08/04/2014, 11:49 PM
(This post was last modified: 08/05/2014, 01:41 AM by sheldonison.)
(08/03/2014, 11:38 PM)tommy1729 Wrote: \( f^{o n}(x) \) grows like \( exp(a^{2^n - 1} ln(x)^{2^n} + C) \).
Much much slower then exp or even its half-iterate.
And that for a function that is similarly defined. (second derivative = Original => second difference = Original )
Thats what I meant by counterintuitive.
I noticed the resemblance of the plots with the fake half-iterate exp too.
For the zero's Im convinced they are all real.
I made some numerical approximations, and for big enough values of x, using Jay's Taylor series, I get that \( \ln(f(x)) \approx \frac{(\ln(x))^2}{2\ln(2)} \), which match the equations in Gottfried's link. If ln(x)=1E100, then ln(f(x))~=7.213E199, ln(f(f(x)))~=3.753E399
So then \( \ln(f(f(x))) \approx (\ln(x))^4 \).
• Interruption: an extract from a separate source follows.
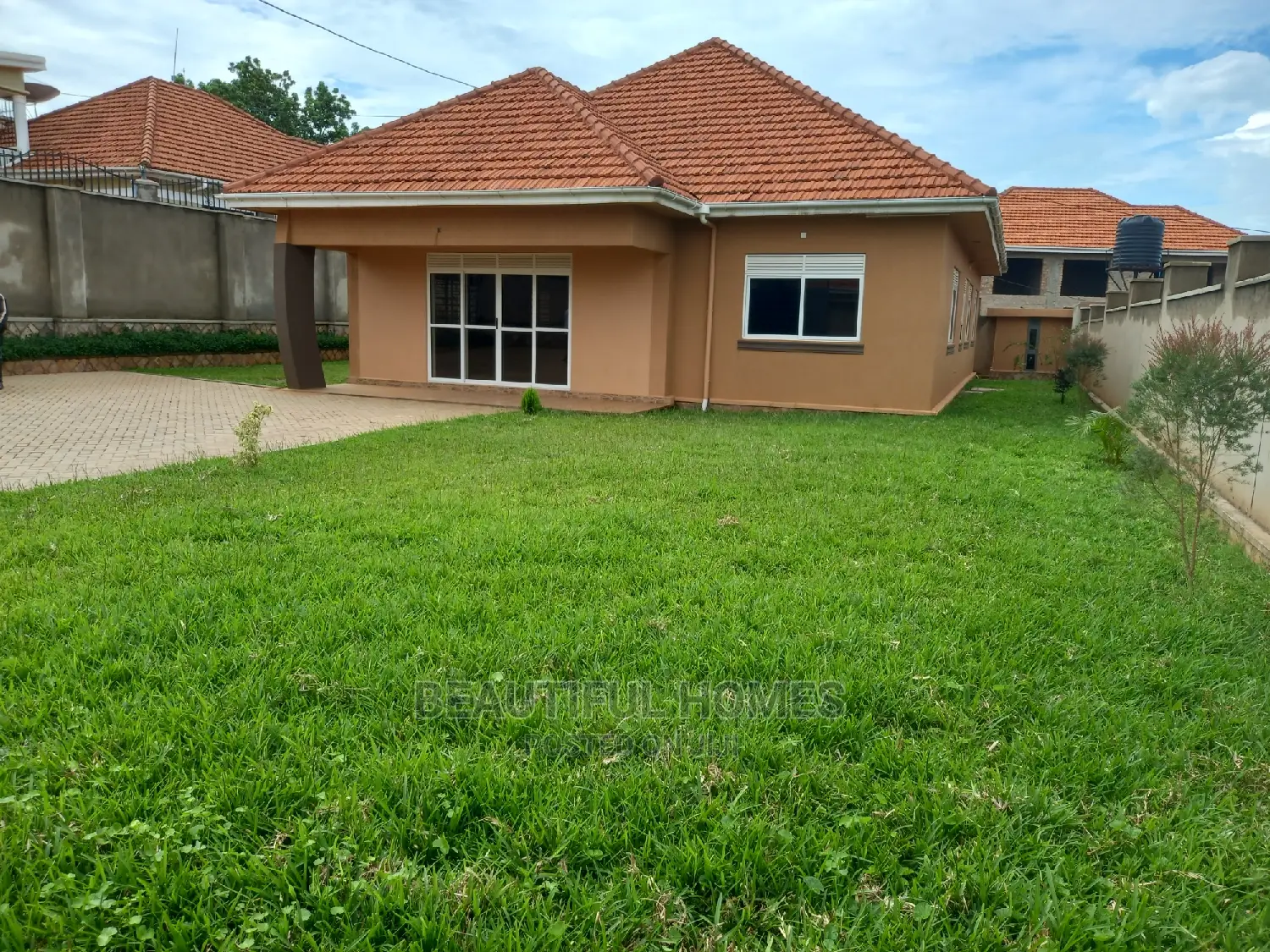 Furnished 4bdrm House in Kira Mulawa for Sale
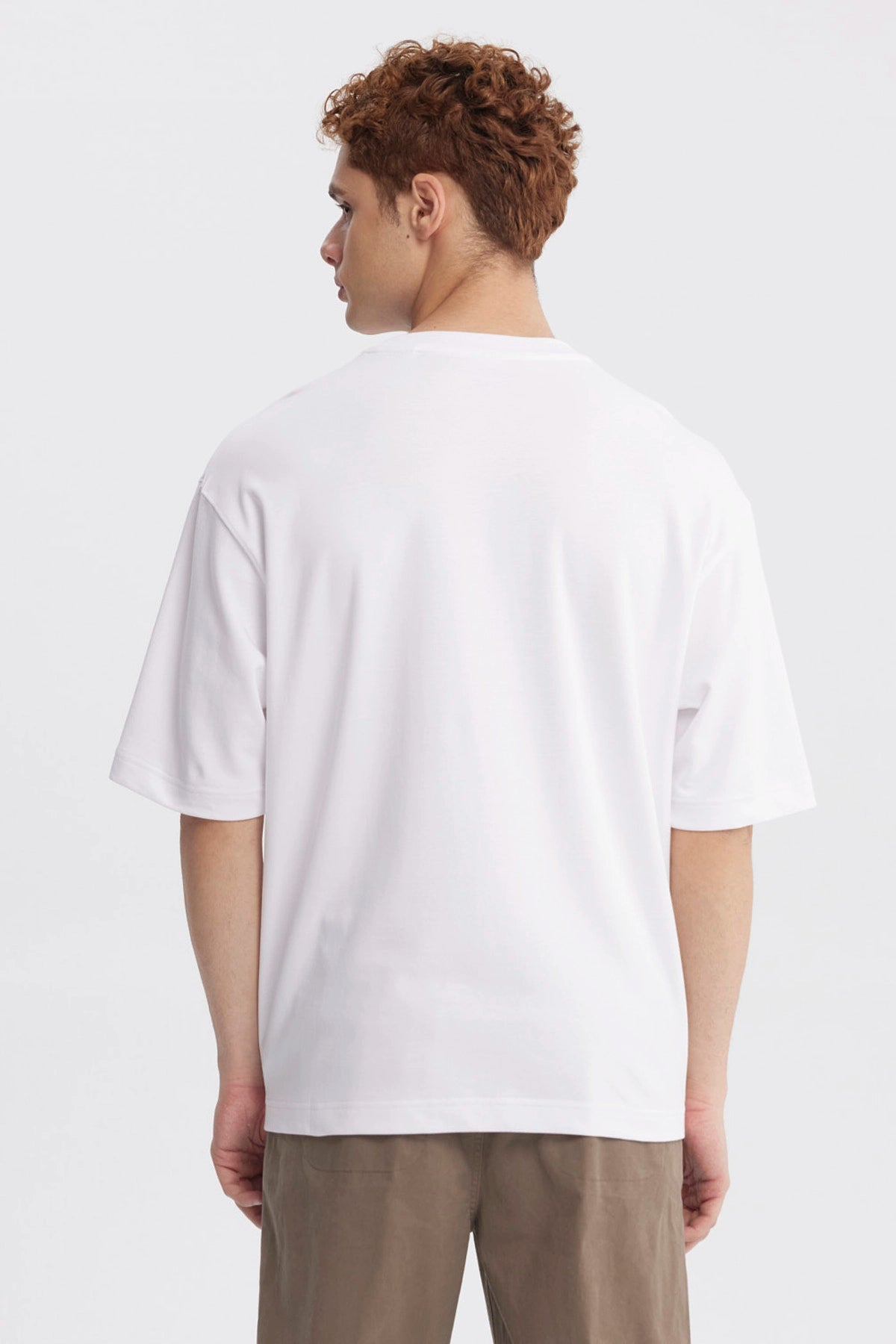 Polera Hombre Overside Fit Blanco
And yeah, that's growing much slower than
\( \exp^{0.5}(\exp^{0.5}(x))=\exp(x) \;\; \exp(x) \gt \exp((\ln(x))^4) \), if x is big enough.
This is despite many similarities in the complex plane graphs of f(x) and f(f(x)) as compared with the entire asymptotic to \( \exp^{0.5}(x) \).
- Sheldon